Granted, it does have flaws. It was written by a bunch of writers for which this was their first and (so far) only Muppet writing credit (the exception is Tom Martin, who also has a writing credit on It’s a Very Merry Muppet Christmas Movie, which admittedly doesn’t do much to recommend him). There were a lot of miscalculations in terms of hiring human actors; Queen Latifah and David Alan Grier were great, but what the hell was Quentin Tarantino doing there? Seriously, what was he doing? That scene makes no sense whatsoever (BLAM). The infamous nipple joke probably should have been given a second thought and, in what is a far more egregious film sin to me, the special paints an unrealistic picture of the way that people would/should react in the face of an oncoming tornado (as everyone who grew up in Tornado Alley knows, you don’t stop and have a heart-to-heart conversation when one is bearing down on you).

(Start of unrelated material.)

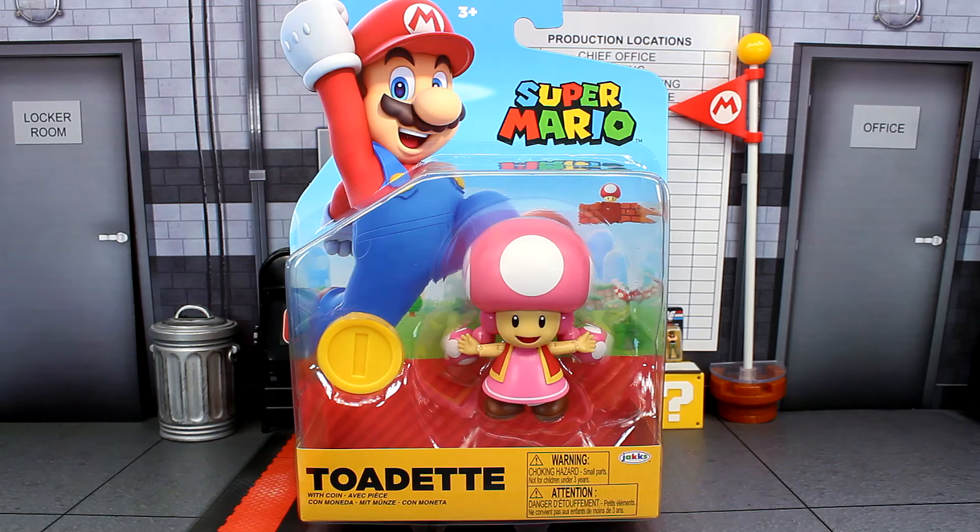What is going on guys, Sonic and the Bean Show here. Today we're looking at the brand new Jakks Pacific Toadette figure from Wave 36 of the Super Mario line. This is her first ever figure in the main line — she had a two-and-a-half inch figure that came out last year, but now she's finally getting a four inch figure. We're almost close to hitting Wave 40 and we're just now getting her. It may not be Daisy, but I'll take it — Toadette is also cool.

However, as I have established previously, I have a soft spot in my heart for Muppet literary adaptations; they are pretty much my favorite thing on the planet, so much so that I’ll forgive a lot of minor flaws and faux pas. And the thing that I really love about Muppets’ Wizard of Oz is that, unlike most Oz adaptations, it draws more from the original source material than retreading the territory already covered in the Judy Garland movie and its derivatives.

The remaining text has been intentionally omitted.